An GradScaler object.

Examples

>>> import paddle

>>> model = paddle.nn.Conv2D(3, 2, 3, bias_attr=True)
>>> optimizer = paddle.optimizer.SGD(learning_rate=0.01, parameters=model.parameters())
>>> scaler = paddle.amp.GradScaler(init_loss_scaling=1024)
>>> data = paddle.rand([10, 3, 32, 32])

>>> with paddle.amp.auto_cast():
...     conv = model(data)
...     loss = paddle.mean(conv)

>>> scaled = scaler.scale(loss)  # scale the loss
>>> scaled.backward()            # do backward
>>> scaler.minimize(optimizer, scaled)  # update parameters
>>> optimizer.clear_grad()
scale ( var )

scale

Multiplies a Tensor by the scale factor and returns scaled outputs. If this instance of GradScaler is not enabled, output are returned unmodified.

Parameters

var (Tensor) – The tensor to scale.

Returns

The scaled tensor or original tensor.

Examples

>>> import paddle

>>> model = paddle.nn.Conv2D(3, 2, 3, bias_attr=True)
>>> optimizer = paddle.optimizer.SGD(learning_rate=0.01, parameters=model.parameters())
>>> scaler = paddle.amp.GradScaler(init_loss_scaling=1024)
>>> data = paddle.rand([10, 3, 32, 32])

>>> with paddle.amp.auto_cast():
...     conv = model(data)
...     loss = paddle.mean(conv)

>>> scaled = scaler.scale(loss)  # scale the loss
>>> scaled.backward()            # do backward
>>> scaler.minimize(optimizer, scaled)  # update parameters
>>> optimizer.clear_grad()
minimize ( optimizer, *args, **kwargs )

minimize

This function is similar as optimizer.minimize(), which performs parameters updating.
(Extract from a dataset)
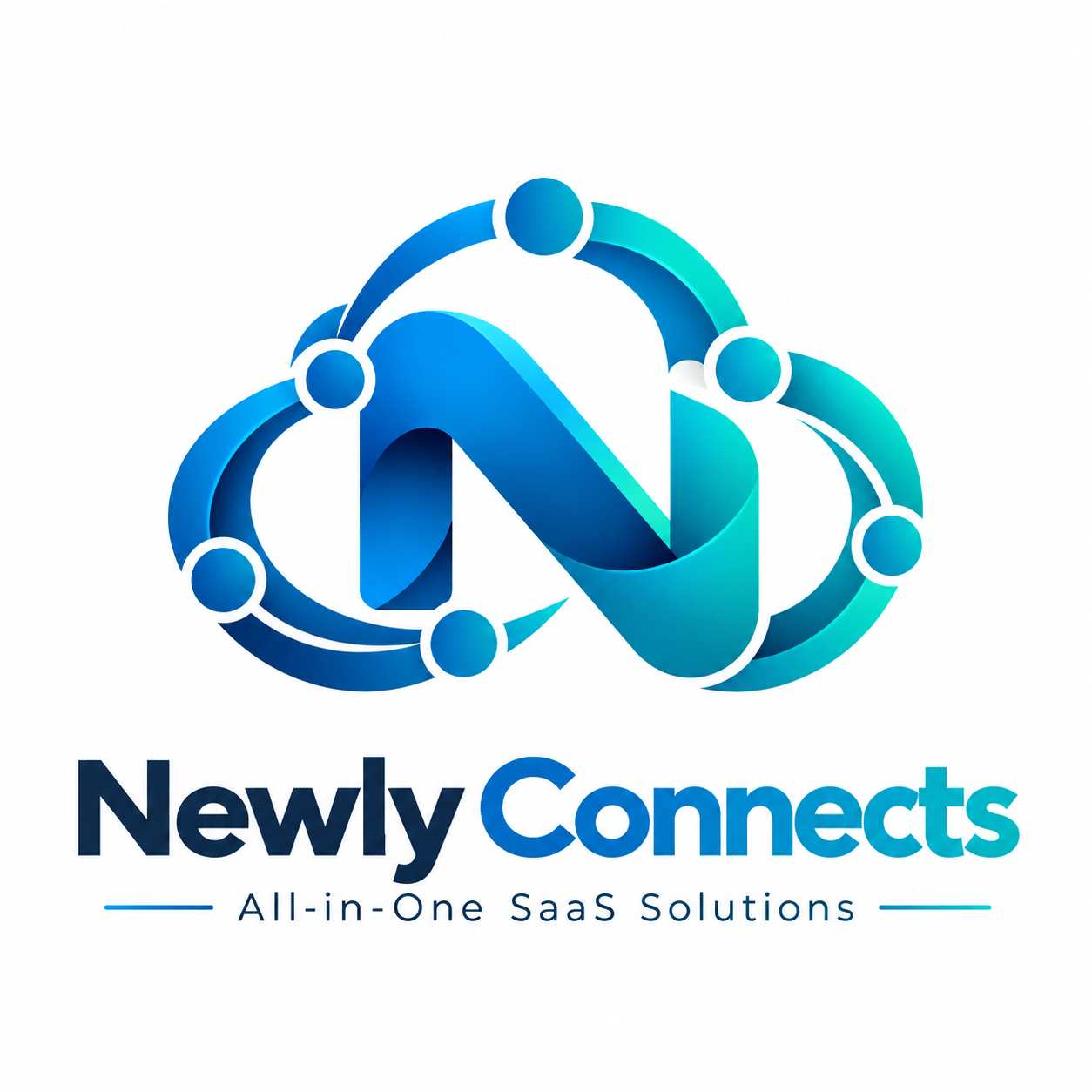 Newly Connects — All-in-One SaaS Solutions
If the scaled gradients of parameters contains NAN or INF, the parameters updating is skipped. Otherwise, if unscale_() has not been called, it first unscales the scaled gradients of parameters, then updates the parameters.

Finally, the loss scaling ratio is updated.

Parameters
  • optimizer (Optimizer) – The optimizer used to update parameters.

  • args – Arguments, which will be forward to optimizer.minimize().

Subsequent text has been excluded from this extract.